On 6/13/24 5:32 AM, Manolis Tsamis wrote:
This pass detects cases of expensive store forwarding and tries to avoid them
by reordering the stores and using suitable bit insertion sequences.
For example it can transform this:
strb w2, [x1, 1]
ldr x0, [x1] # Expensive store forwarding to larger load.
To:
ldr x0, [x1]
strb w2, [x1]
bfi x0, x2, 0, 8
Assembly like this can appear with bitfields or type punning / unions.
On stress-ng when running the cpu-union microbenchmark the following speedups
have been observed.
Neoverse-N1: +29.4%
Intel Coffeelake: +13.1%
AMD 5950X: +17.5%
gcc/ChangeLog:
* Makefile.in: Add avoid-store-forwarding.o.
* common.opt: New option -favoid-store-forwarding.
* params.opt: New param store-forwarding-max-distance.
* doc/invoke.texi: Document new pass.
* doc/passes.texi: Document new pass.
* passes.def: Schedule a new pass.
* tree-pass.h (make_pass_rtl_avoid_store_forwarding): Declare.

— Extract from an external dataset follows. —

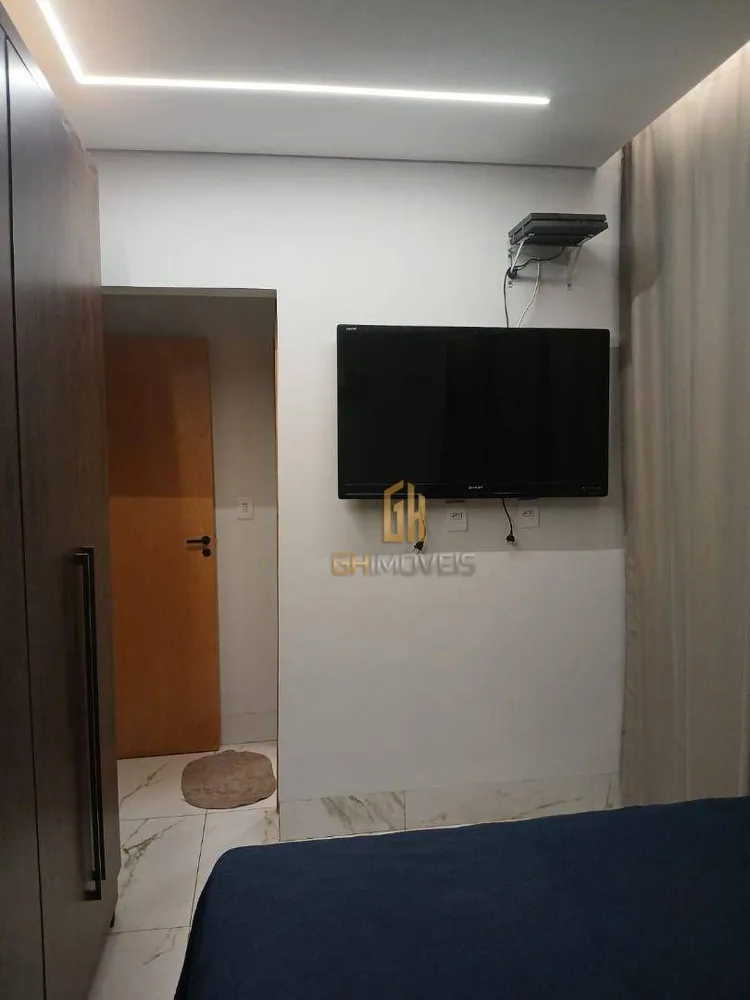 Sobrado, 5 quartos, 260 m² - Foto 2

* avoid-store-forwarding.cc: New file.
gcc/testsuite/ChangeLog:
* gcc.target/aarch64/avoid-store-forwarding-1.c: New test.
* gcc.target/aarch64/avoid-store-forwarding-2.c: New test.
* gcc.target/aarch64/avoid-store-forwarding-3.c: New test.
* gcc.target/aarch64/avoid-store-forwarding-4.c: New test.
* gcc.target/aarch64/avoid-store-forwarding-5.c: New test.
Just a note for others. I've sent Manolis's a few more failures spit
out by my tester. The crosses aren't quite all clean, but they're
getting closer. Once the crosses are clean we'd run the QEMU emulated
targets which take dramatically longer (but which are also a deeper test
for this kind of change).
Jeff